The Club-Choice Conspiracy

It would seem that viewers would be in the dark about a player’s club choice when the golfer is on the course and the TV commentator is in the tower. How do they know what club a player chooses? And why all the fuss about firepower? After considerable contemplation on the matter, it’s become clear to me that this is part of a conspiracy!

You may turn on CBS’s coverage of the RBC Canadian Open this weekend and hear considerable gollies and gushings, which are understandable, when the focus is on big hitters like Dustin Johnson and Robert Garrigus.

“David, did I hear you right?” Gary McCord might say to David Feherty. “How far was that drive?”

Feherty might deadpan, “Oh, just 348 yards.” And then Feherty could reprise an updated version of a line he once used after a great Tiger Woods shot: “Never has my flabber been so completely gasted.”

“Geez — grip it and rip it and check your pants, huh, David? So what’s he got left, and what’s he using?”

“He has a perfect lie at 181 yards, but it’s into a stiff breeze. Gary, he’s hitting an 8 iron!! Really?”

How Do They Know?

Really, indeed! There are three questions here:

  1. How do they get that information?
  2. How do we know that information is correct?
  3. How much does that information cost us?

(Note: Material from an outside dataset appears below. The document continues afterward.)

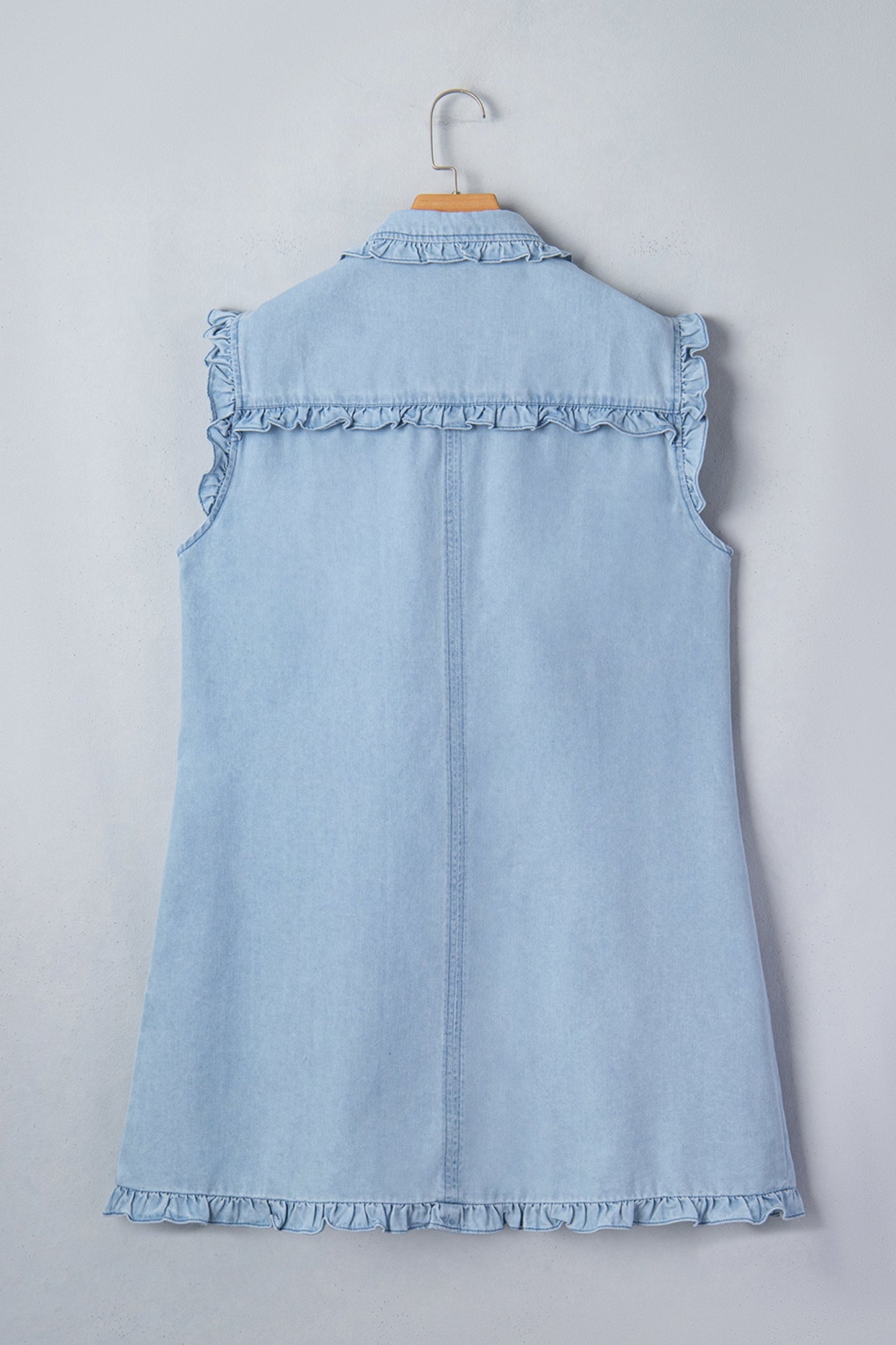 Denim Ruffle Edge Collared Dress w/ Pockets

Answer #1. Commentators are often former players who know how far pros can hit, and in many cases know the distances of individual players. Plus, they get club-choice information from signals by the caddie or by officials on the course. For example, fist is a 5 iron, four fingers a 4 iron, one finger pointing down a 6-iron, etc.

Ah, but Is an 8 Really an 8?

Answer #2. We don’t know that information is correct. It certainly makes for great entertainment — and sustained viewing — to hear how normal-sized mortals hit abnormally long. Yes, they are that good and they have flawless form, but is that really an 8 iron the guy’s hitting? Do you think a caddie who wants to keep his job is really going to signal to the world that a reputed big hitter is pulling a wimpy 7 iron when the rest of the field is hitting an 8? Hell, no! And even if he does pull an 8, is that 8 an 8, or is it an 8 made with a 7-iron loft secretly by the manufacturer?

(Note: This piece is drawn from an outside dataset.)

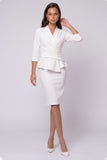 Sheath White Ruched Midi Work Dress with 3/4 Sleeves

Of course, the media has a part in this, something the online golf community has suspected for years. There are 129 replies so far to this forum question: “Are Tour Pro Distances Exaggerated?” Some say no, but many say yes for a number of excellent reasons, including “just do it” who writes:

“Yes they exaggerate why should the reporting in golf be any different that anything else in this country. The government/ House and Senate exaggerates everything, Mfg`s exaggerates club claims, anyone that wants to prove a point exaggerates, many on golf forums. Every corner of life here exaggerates for or against, one way or another, to such a degree no one can find the truth anymore about anything. Sorry for the rant!”

“A conspiracy by the powers of golf!”

Answer #3. Rant on, “just do it” — no apologies necessary! Because this is all part of a grand plan, a conspiracy by the powers of golf to get us to buy more. See, the psychology here is important. It’s the psychology of shame, and it goes like this:

Commentator claims pro hits 8 iron, and you at first are wowed by the distance … and then shamed in comparison. A wise therapist once told me, “Comparison is the quickest route to shame,” and it’s true. “If I were a better man,” you tell yourself, “I could also hit an 8 iron that far.” You vow to show them (whoever they are)! You take lessons ($$$), buy the best equipment ($$$$) — you even sign on for sessions with a sports psychologist ($$$$$). All because some golf announcer says a pro hit an 8 iron!

Does this make sense?

So watch away this weekend. Enjoy the RBC Canadian Open, the scenery, the competition, the masterful putting and monster drives. But if David Feherty says Dustin Johnson is hitting an 8 iron to the pin 181 yards away, step away from the credit cards.

Once again, are tour distances exaggerated?